Rob Johnson provides a densely researched and very well documented study of indigenous personnel in the service of western forces. His research impulse comes from present concerns about the use of local personnel in the buildup of military and police forces in Iraq and Afghanistan for the sake of security and in the context of state building and anti-terror deployments. As the introduction highlights, these recent experiences shape the book’s research agenda, which focuses on morale, group cohesion, loyalty, and leadership and goes back all the way to the middle of the eighteenth century. When does it make sense to draft local personnel into armed forces? How does recruitment happen? How can one ensure that the benefits (knowledge of local languages and customs and the terrain, better resistance to local diseases, lower cost, engaging potential insurgents on one’s own side) outweigh the risks (disloyalty, rebellion, double agents, losing control)?

The title is misleading, however, as the book overwhelmingly deals with service in British armed forces and occasionally the American forces. The extensive and historically very significant use of soldiers drafted in the empire of France receives only slight attention, as does the use of indigenous personnel by the Netherlands, Spain, Portugal, and other powers. The study is predominantly about British experiences with local military personnel in South Asia, Africa, and North America, with some other cases tucked in. Historians of the French empire will find the book useful for comparative and analytical purposes but will likely find no original points on their subject (the author ignores much of the rich literature on the French empire).

The book starts its historical analysis with the 18th-century wars in North America and covers the drafting of local forces in South Asia in the same period. The theory of so-called »martial races«, from which Europeans preferred to draft soldiers, receives special attention, with Johnson arguing that it was not entirely a western theory but often an amalgam of western prejudices and indigenous ideas about status and hierarchy. Johnson argues that the collaboration of local men with the colonial powers serves to complicate the unilaterally condemning view of colonialism as »fundamentally unjust, often cruel and irredeemably corrupt« (p. 41). He stresses that the Indian Mutiny of 1857 represented a failure of colonial governance rather than the alleged oppressive modus operandi of colonialism and highlights the fact that the repression of the mutiny occurred largely with the help of local forces who had remained loyal.

The following chapters take the historical survey to the use of slaves in the wars of the Americas in the 19th century (including the American Civil War), and to the use of locals in imperial armies in Africa and South Asia, with a special focus on the Boer War and the deployment of irregulars at the imperial periphery. The chapter on the First World War pays much attention to the campaign of T. E. Lawrence on the Arabian peninsula.
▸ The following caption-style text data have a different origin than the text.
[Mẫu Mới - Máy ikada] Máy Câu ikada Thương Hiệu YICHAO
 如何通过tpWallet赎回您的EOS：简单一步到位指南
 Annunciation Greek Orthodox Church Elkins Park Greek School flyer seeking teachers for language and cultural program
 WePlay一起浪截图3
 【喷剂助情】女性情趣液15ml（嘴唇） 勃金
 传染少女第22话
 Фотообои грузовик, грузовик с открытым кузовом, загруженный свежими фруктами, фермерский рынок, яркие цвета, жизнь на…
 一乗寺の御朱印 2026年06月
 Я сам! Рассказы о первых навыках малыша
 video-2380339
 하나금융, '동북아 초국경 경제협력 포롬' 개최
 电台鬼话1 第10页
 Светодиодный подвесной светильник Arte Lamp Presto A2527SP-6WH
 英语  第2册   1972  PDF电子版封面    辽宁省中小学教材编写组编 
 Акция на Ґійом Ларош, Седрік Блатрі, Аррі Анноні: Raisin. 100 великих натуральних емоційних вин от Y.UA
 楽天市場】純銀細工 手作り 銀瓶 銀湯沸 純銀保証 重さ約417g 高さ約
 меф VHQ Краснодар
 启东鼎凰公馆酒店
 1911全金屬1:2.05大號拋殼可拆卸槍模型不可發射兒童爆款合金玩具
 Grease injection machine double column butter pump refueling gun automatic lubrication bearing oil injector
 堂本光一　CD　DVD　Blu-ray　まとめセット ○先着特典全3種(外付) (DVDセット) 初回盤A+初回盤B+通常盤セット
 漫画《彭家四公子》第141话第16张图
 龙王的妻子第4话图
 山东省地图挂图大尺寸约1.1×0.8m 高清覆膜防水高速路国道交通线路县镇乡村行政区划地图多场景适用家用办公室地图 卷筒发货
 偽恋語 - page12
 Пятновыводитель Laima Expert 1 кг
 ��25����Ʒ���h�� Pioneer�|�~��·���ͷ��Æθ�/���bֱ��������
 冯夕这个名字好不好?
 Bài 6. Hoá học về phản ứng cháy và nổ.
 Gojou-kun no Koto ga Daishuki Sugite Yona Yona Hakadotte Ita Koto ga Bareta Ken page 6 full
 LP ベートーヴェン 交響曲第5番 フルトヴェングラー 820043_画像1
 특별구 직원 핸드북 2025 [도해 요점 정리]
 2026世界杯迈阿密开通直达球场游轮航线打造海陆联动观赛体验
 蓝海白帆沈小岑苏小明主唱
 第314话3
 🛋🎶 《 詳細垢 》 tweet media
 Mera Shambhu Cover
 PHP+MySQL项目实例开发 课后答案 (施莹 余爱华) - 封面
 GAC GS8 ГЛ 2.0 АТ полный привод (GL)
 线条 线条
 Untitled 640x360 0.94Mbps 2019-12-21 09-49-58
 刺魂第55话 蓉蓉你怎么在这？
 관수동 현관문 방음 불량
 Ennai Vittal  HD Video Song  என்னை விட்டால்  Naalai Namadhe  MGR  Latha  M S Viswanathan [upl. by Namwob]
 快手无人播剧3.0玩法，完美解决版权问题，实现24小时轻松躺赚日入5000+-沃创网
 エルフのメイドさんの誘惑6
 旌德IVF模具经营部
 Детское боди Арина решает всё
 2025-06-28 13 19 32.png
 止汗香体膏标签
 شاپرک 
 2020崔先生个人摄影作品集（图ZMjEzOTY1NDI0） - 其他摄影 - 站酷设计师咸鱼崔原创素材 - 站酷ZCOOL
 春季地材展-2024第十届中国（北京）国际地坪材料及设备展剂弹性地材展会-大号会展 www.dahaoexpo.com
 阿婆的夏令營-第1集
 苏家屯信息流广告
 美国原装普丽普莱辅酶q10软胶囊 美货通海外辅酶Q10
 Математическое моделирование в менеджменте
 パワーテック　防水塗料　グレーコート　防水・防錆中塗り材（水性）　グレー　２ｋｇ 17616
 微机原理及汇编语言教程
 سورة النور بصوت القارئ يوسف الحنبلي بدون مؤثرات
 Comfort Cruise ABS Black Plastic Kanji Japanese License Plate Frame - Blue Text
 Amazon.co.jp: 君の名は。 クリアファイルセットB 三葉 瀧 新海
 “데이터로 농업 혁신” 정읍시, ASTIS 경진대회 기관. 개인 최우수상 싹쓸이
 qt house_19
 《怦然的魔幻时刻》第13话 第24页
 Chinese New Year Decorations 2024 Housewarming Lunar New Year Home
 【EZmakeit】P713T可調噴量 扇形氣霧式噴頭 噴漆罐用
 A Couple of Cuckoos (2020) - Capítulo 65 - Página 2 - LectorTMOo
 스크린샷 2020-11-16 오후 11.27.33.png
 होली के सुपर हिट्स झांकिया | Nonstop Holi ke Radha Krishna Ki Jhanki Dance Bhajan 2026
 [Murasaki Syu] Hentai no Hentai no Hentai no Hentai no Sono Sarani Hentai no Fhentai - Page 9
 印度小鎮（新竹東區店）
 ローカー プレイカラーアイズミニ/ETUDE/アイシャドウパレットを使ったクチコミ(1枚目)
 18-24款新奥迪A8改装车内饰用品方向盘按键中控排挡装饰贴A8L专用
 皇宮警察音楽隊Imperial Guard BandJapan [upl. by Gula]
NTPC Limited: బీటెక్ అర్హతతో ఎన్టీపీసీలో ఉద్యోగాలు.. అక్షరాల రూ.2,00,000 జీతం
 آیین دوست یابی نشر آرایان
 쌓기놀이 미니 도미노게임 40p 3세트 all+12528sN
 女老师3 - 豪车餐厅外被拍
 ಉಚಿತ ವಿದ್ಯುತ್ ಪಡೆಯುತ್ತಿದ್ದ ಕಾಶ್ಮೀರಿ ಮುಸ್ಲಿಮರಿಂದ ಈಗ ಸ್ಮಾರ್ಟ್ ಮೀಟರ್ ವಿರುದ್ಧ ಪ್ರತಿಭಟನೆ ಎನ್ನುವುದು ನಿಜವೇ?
The Second World War receives a surprisingly thin chapter, and the following chapter about the wars of decolonization sometimes focuses a bit much on decolonization in general and less on the specific situation of local forces. The book concludes with a detailed analysis of the Afghan and Iraqi security forces 2003–14 and some thoughts about ongoing and future conflicts. Johnson criticizes the western tendency to support ailing bureaucracies in a misguided desire to replicate western systems of governance in areas where older, clan-based structures of governance at least need to be taken into account. A useful conclusion highlights the answers that the historical survey provides to the overarching questions about the successes and failures of the recruitment of local forces by the western powers.

Overall, the book provides a sharp analysis of the recruitment, deployment, and devolution of local forces in often unorthodox war contexts and security situations. It is particularly strong on aspects of British colonial history – with the best parts perhaps being the discussion of the Indian mutiny, the recruitment of Gurkhas and Sikhs on the periphery of British India, the Boer War, the Middle Eastern Campaign in World War I, and the British withdrawal from southern Arabia in the 1960s. Johnson repeatedly proposes arguments defending colonial practices with respect to drafting local forces. Even readers who do not want to agree with him on this will gain a valuable perspective on colonialism through the lens of local forces, and this perspective will at least complicate some predominant 21st-century arguments.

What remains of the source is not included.